_Record set_.
= = = =

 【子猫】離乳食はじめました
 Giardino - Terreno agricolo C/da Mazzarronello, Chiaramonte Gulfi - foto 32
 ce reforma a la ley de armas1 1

= = = =

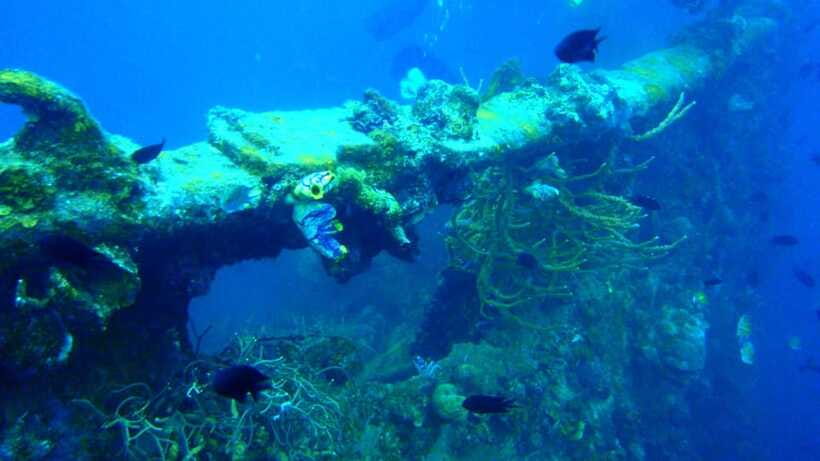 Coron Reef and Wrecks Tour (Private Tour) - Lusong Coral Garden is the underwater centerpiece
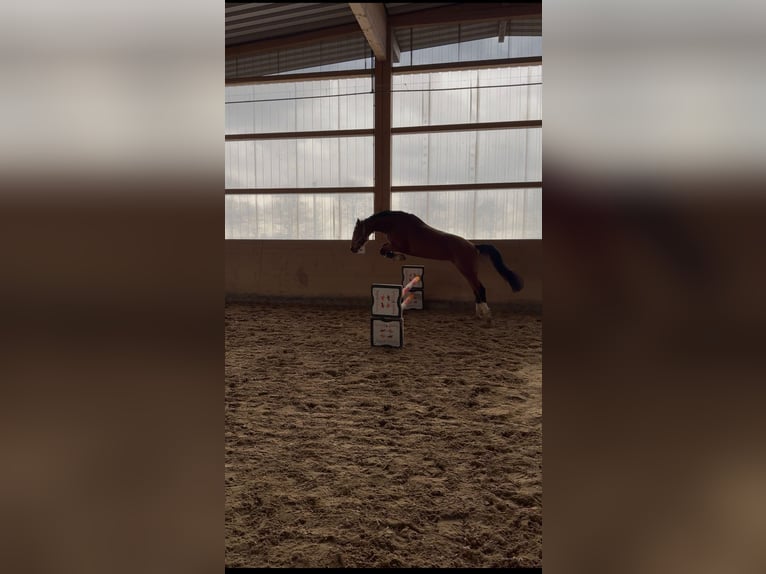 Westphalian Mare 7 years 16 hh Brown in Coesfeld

= = = =

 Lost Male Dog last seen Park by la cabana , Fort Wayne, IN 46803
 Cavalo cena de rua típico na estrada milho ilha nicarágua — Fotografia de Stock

= = = =

_What you will do_.
Using the listing above, reproduce word for word every line from the one containing "Coron Reef and" through the one containing "Westphalian Mare 7". Pictures must be left out.

_Task output_.
 Coron Reef and Wrecks Tour (Private Tour) - Lusong Coral Garden is the underwater centerpiece
 Westphalian Mare 7 years 16 hh Brown in Coesfeld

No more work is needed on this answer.